◆ **Problem details**: Leave every picture out, and retype all the remaining records exactly.

◆ **Provided material**:
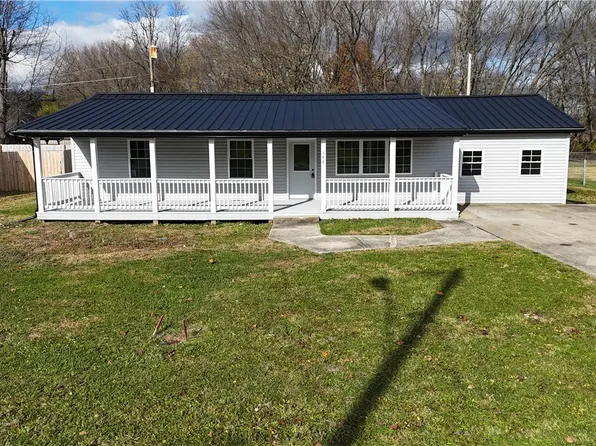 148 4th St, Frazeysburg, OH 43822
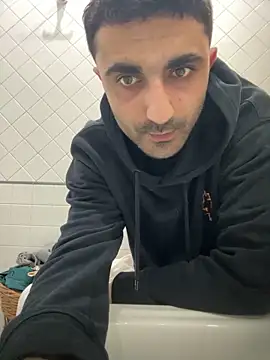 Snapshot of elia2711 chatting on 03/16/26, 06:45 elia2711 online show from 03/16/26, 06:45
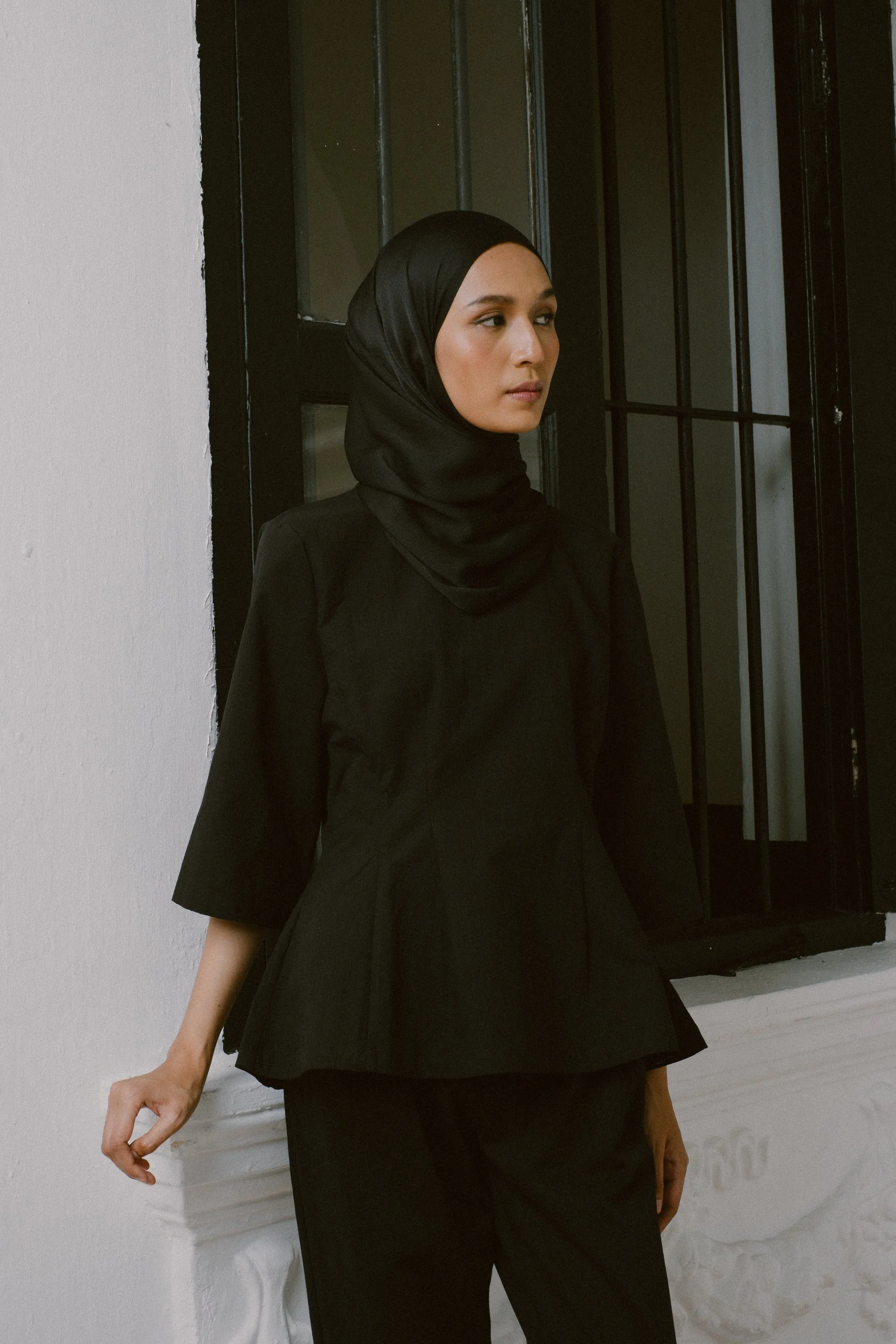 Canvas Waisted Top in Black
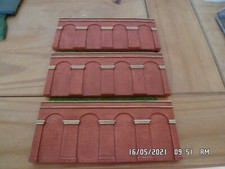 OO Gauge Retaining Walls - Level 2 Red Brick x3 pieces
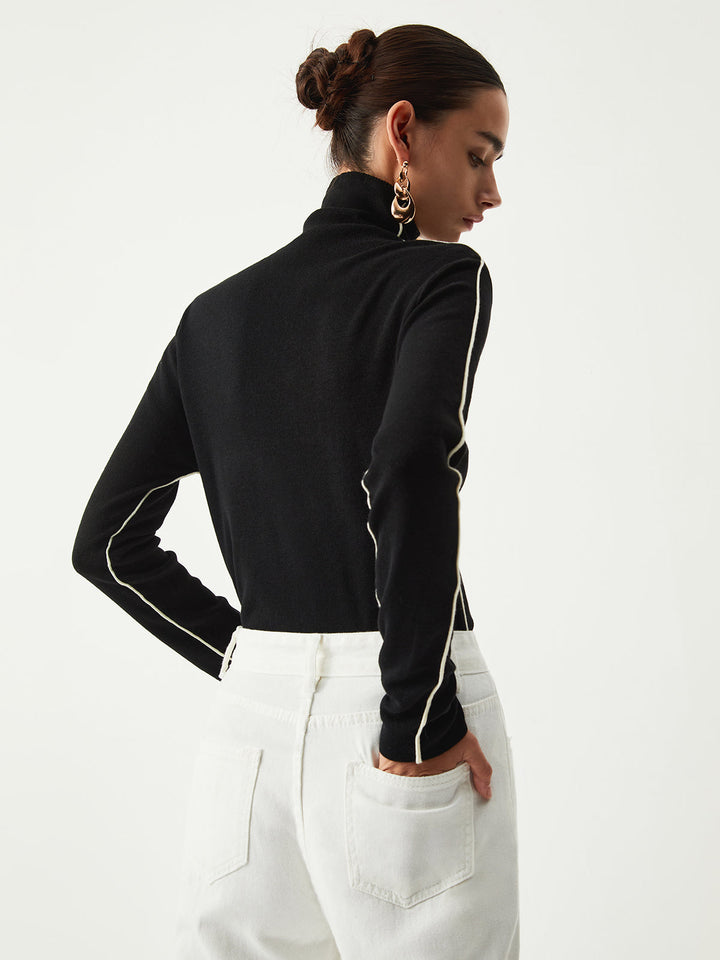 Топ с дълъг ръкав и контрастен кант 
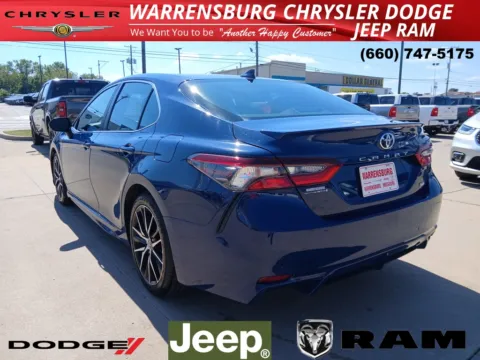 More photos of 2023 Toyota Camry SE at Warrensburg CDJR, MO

◆ **Answer section**:
 148 4th St, Frazeysburg, OH 43822
 Snapshot of elia2711 chatting on 03/16/26, 06:45 elia2711 online show from 03/16/26, 06:45
 Canvas Waisted Top in Black
 OO Gauge Retaining Walls - Level 2 Red Brick x3 pieces
 Топ с дълъг ръкав и контрастен кант 
 More photos of 2023 Toyota Camry SE at Warrensburg CDJR, MO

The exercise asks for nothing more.